VictoriaMetrics: how to migrate data from Prometheus. Filtering and modifying time series.

Roman Khavronenko
6 min readAug 24, 2020

Previous story VictoriaMetrics: how to migrate data from Prometheus explains how to use vmctl tool for migrating Prometheus snapshots into VM. But some details like time series filtering and other specifics remain uncovered. This story will give more details about relabeling, compression, filtering time series by time and labels.

Photo by eflon / Attribution 2.0 Generic (CC BY 2.0)

Relabeling

Vmctl itself does not provide labels management functionality because it is already supported by VM itself. User can define relabeling rules for all ingested metrics by specifying --relabelConfig flag. For example, to change metric up{instance="localhost:9090"} to up{instance="localhost", port="9090"} create relabel.yml file with following configuration:

And point VM to read the configuration file:

./bin/victoria-metrics --relabelConfig relabel.yml

According to the configuration, every ingested time series which satisfies the specified regular expression will be automatically updated with new label port. See it yourself by manually sending new time series via Prometheus import format:

curl -d 'requests_total{instance="localhost:9090"} 123' -X POST 'http://localhost:8428/api/v1/import/prometheus'                                        curl -G 'http://localhost:8428/api/v1/export' -d 'match=requests_total'{"metric":{"__name__":"requests_total","instance":"localhost","port":"9090"},"values":[123],"timestamps":[1598089314604]}

So if you need to relabel time series before migration or backfilling — just configure VM with according relabeling configuration.

Filtering by time

Vmctl uses Prometheus TSDB package for reading Prometheus snapshots. The package is well documented and simple to use. Besides reading time series from the snapshot it also allows to filter them by time or label values.

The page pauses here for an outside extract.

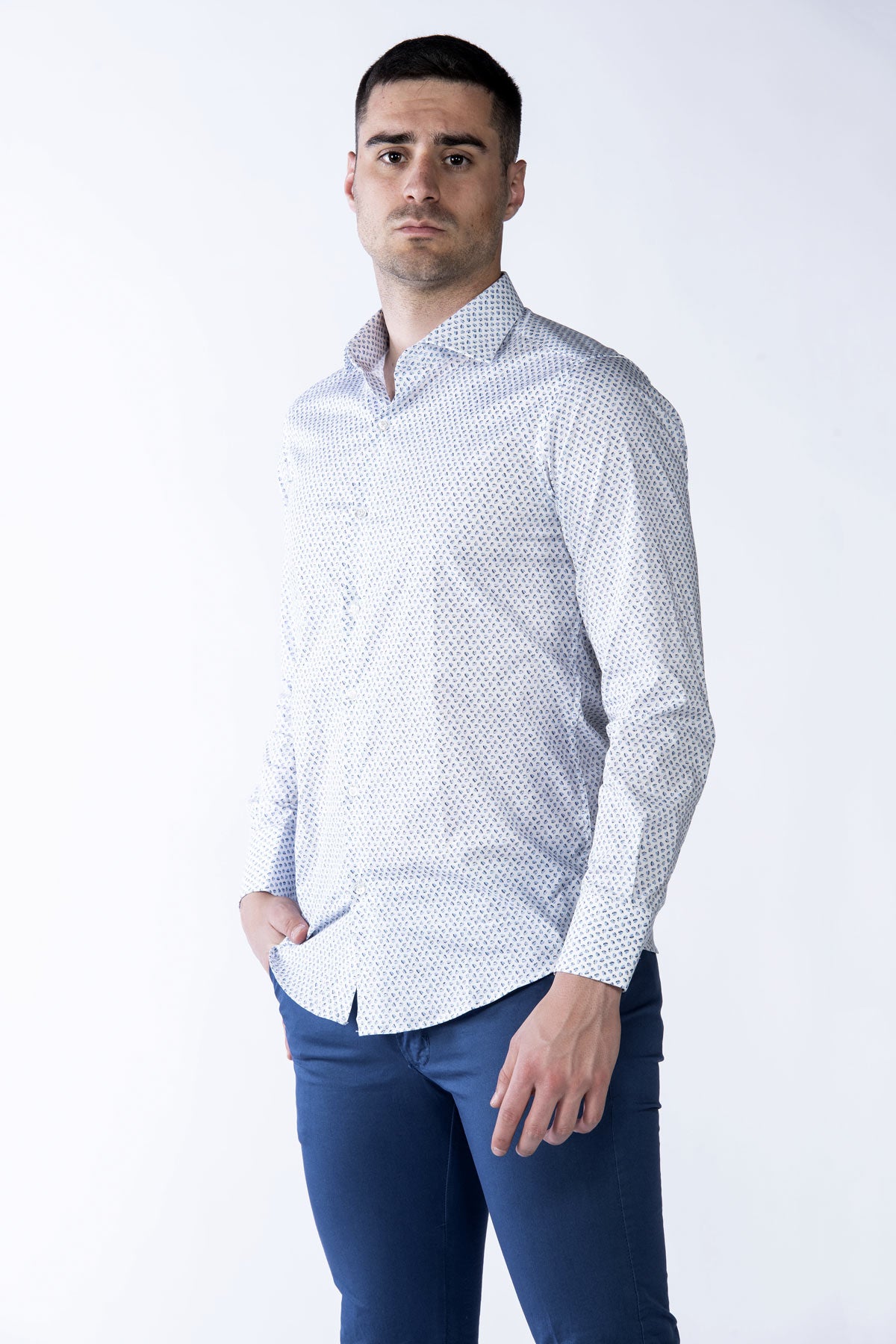 Camicia cotone uomo micro fantasia azzurra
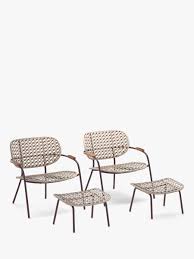 Customers usually choose a rattan furniture set with tropical fabrics to create that exotic getaway type of look, but you can always choose solid fabrics with throw pillows or replacement. John Lewis Partners Open Weave Garden Chairs Footstools Set Of 2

Filtering time series by time in vmctl is controlled by following two flags:

--prom-filter-time-start - The time filter to select timeseries with timestamp equal or higher than provided value. E.g. '2020-01-01T20:07:00Z'
--prom-filter-time-end - The time filter to select timeseries with timestamp equal or lower than provided value. E.g. '2020-01-01T20:07:00Z'

Let's try to filter time series from the snapshot in previous story by time:

./bin/vmctl prometheus --prom-snapshot=snapshots/20200806T072444Z-365a858149c6e2d1 --prom-filter-time-start=2020-08-02T00:00:00Z --prom-filter-time-end=2020-08-03T00:00:00Z
Prometheus import mode
Prometheus snapshot stats:
blocks found: 7;
blocks skipped by time filter: 5;
min time: 1596349620000 (2020-08-02T07:27:00+01:00);
max time: 1596607200000 (2020-08-05T07:00:00+01:00);
samples: 168012658;
series: 6943.
* Stats numbers are based on blocks meta info and don't account for applied filters.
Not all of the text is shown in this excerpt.